_Exercise brief:_ With the pictures excluded, output only the lines from the one containing "Balenciaga Calfskin Woven" through the last line of the entries, unchanged.
Content starts
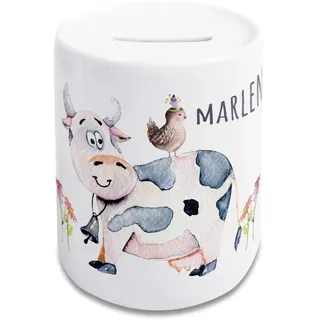 GRAZDesign Spardose Kinder mit Name Mädchen, Sparschwein als Geschenk personalisiert Taufe, Geburtstag Motiv Lustige Kuh, Keramik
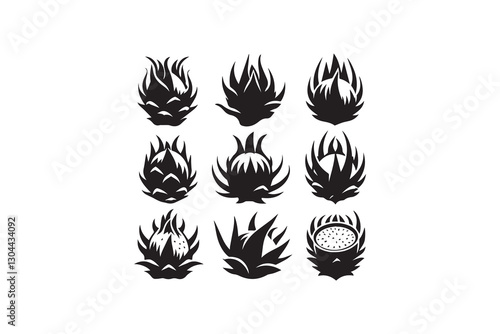 dragon fruits icon black color vector silhouette illustration isolated in white background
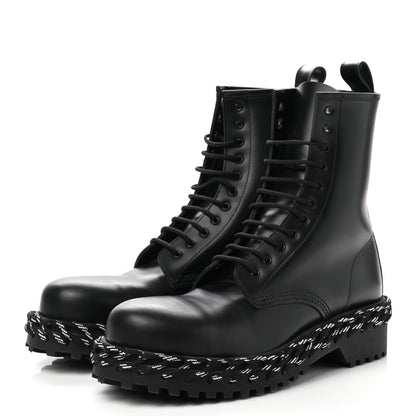 Balenciaga Calfskin Woven Detail Mens Combat Boots 40 Black 3 of 8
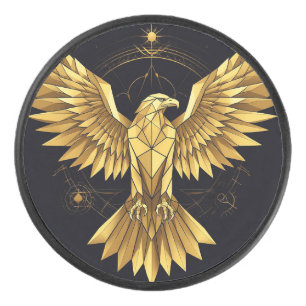 Goldener geometrischer Adler Eishockey Puck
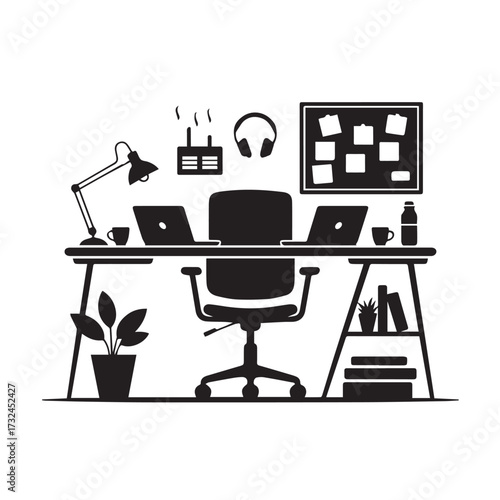 Vector art of modern home office setup with desk, chair, laptops, plant, and lamp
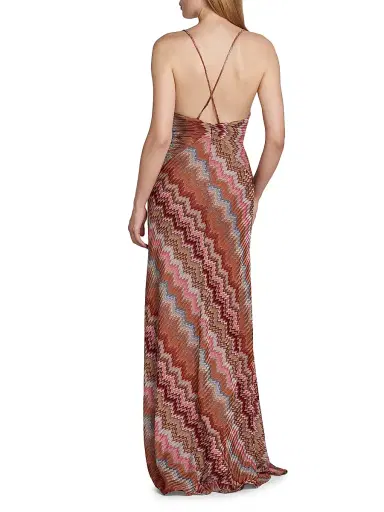 Missoni Women's Snake Chevron Gown - Pink Rust - Size 12 | Thumbnail 5 Missoni Women's Snake Chevron Gown - Pink Rust - Size 12 | Thumbnail 5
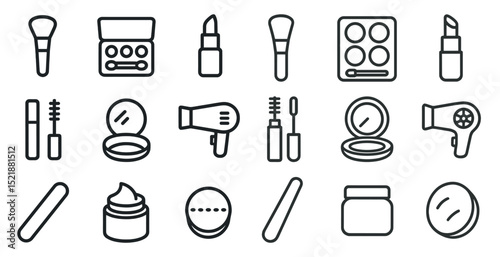 Beauty and cosmetics icons for makeup tools and products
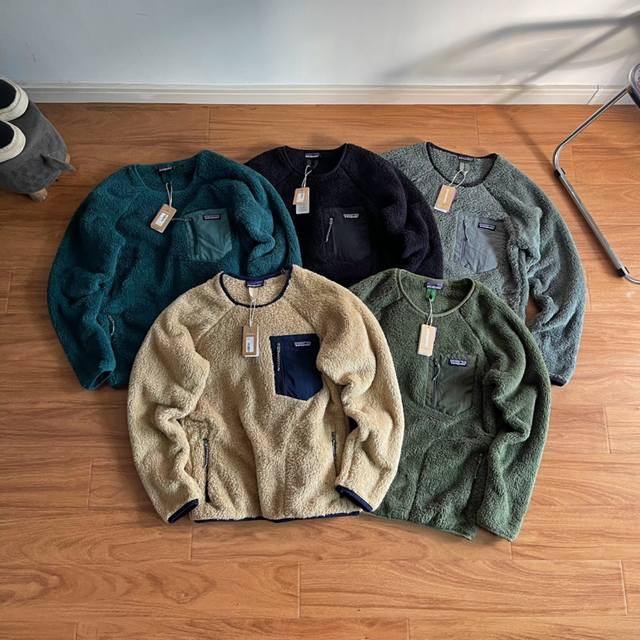 纯原臻品 原厂跟单 Patagonia Mens Los Gatos 24Ss新款休闲抓绒保暖圆领套头衫卫衣25895 -原包装原标 全套辅料定制，包装一维码解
Content ends
_Exercise answer:_
 Balenciaga Calfskin Woven Detail Mens Combat Boots 40 Black 3 of 8
 Goldener geometrischer Adler Eishockey Puck
 Vector art of modern home office setup with desk, chair, laptops, plant, and lamp
 Missoni Women's Snake Chevron Gown - Pink Rust - Size 12 | Thumbnail 5 Missoni Women's Snake Chevron Gown - Pink Rust - Size 12 | Thumbnail 5
 Beauty and cosmetics icons for makeup tools and products
 纯原臻品 原厂跟单 Patagonia Mens Los Gatos 24Ss新款休闲抓绒保暖圆领套头衫卫衣25895 -原包装原标 全套辅料定制，包装一维码解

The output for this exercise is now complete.